E da dove se non da un bozzolo doveva rinascere la cittadina di velluto? Certo nel bozzolo la metamorfosi tra bruco e farfalla non è ancora perfettamente conclusa, ma da quanto si può intravedere in controluce, la speranza di veder nascere quel magnifico Lepidottero si sta facendo concreta.
Fuor da metafora la recente edizione testé conclusasi, in alcuni suoi aspetti qualcosa ha lasciato intuire, in un insieme forse ancora eccessivamente variegato dell' offerta, l'embrione di un consolidato progetto per il domani sembra sufficientemente decifrabile.
Il mix dell' offerta appare forse troppo composito, l'elastico tra la componente erudita e l'opzione popolare si è dimostrato eccessivamente allungato, il desiderio legittimo di accontentare palati diversi , l' apprensione di tenere alto lo spread delle presenze ha prodotto qualche ridondante concentrazione nell'offerta determinando non di rado un' incresciosa sovrapposizione obbligando quindi a scelte non gradite.
Ma tutto questo può essere letto come un accettabile errore di percorso su una strada che si sta probabilmente delineando e che la kermesse tra molte luci e poche ombre ha saputo mostrare.

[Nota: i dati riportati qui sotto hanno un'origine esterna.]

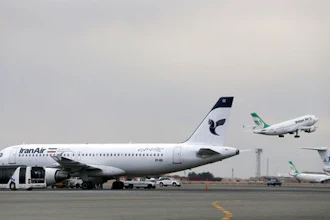 In this Feb. 7, 2016, file photo, an Iranian Mahan Air passenger plane takes off as a plane of Iran's national air carrier Iran Air, left, is parked at Mehrabad airport in Tehran, Iran. European airplane manufacturer ATR said it signed a deal with Iran Air for 20 aircraft with option for 20 more on Thursday, April 13, 2017.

Intanto sono tre i fattori positivi che vanno evidenziati : il primo definibile “ideologico” è l'aver allargato l'area della festa verso zone da qualche tempo dimenticate; aver inserito il nucleo storico della città, quello che solo una lettura superficiale può ritenere lontano perchè meno ricco di sete, di passate glorie e di nobili residenze da ostentare , vale un primo apprezzamento.
Ancora in modo incerto, marginale spesso episodico e sicuramente da rielaborare per una stabile valorizzazione, la Villalta è stata sdoganata mostrando potenzialità inespresse e sinora poco comprese ; qualcosa da utilizzare magari come prologo . E infatti........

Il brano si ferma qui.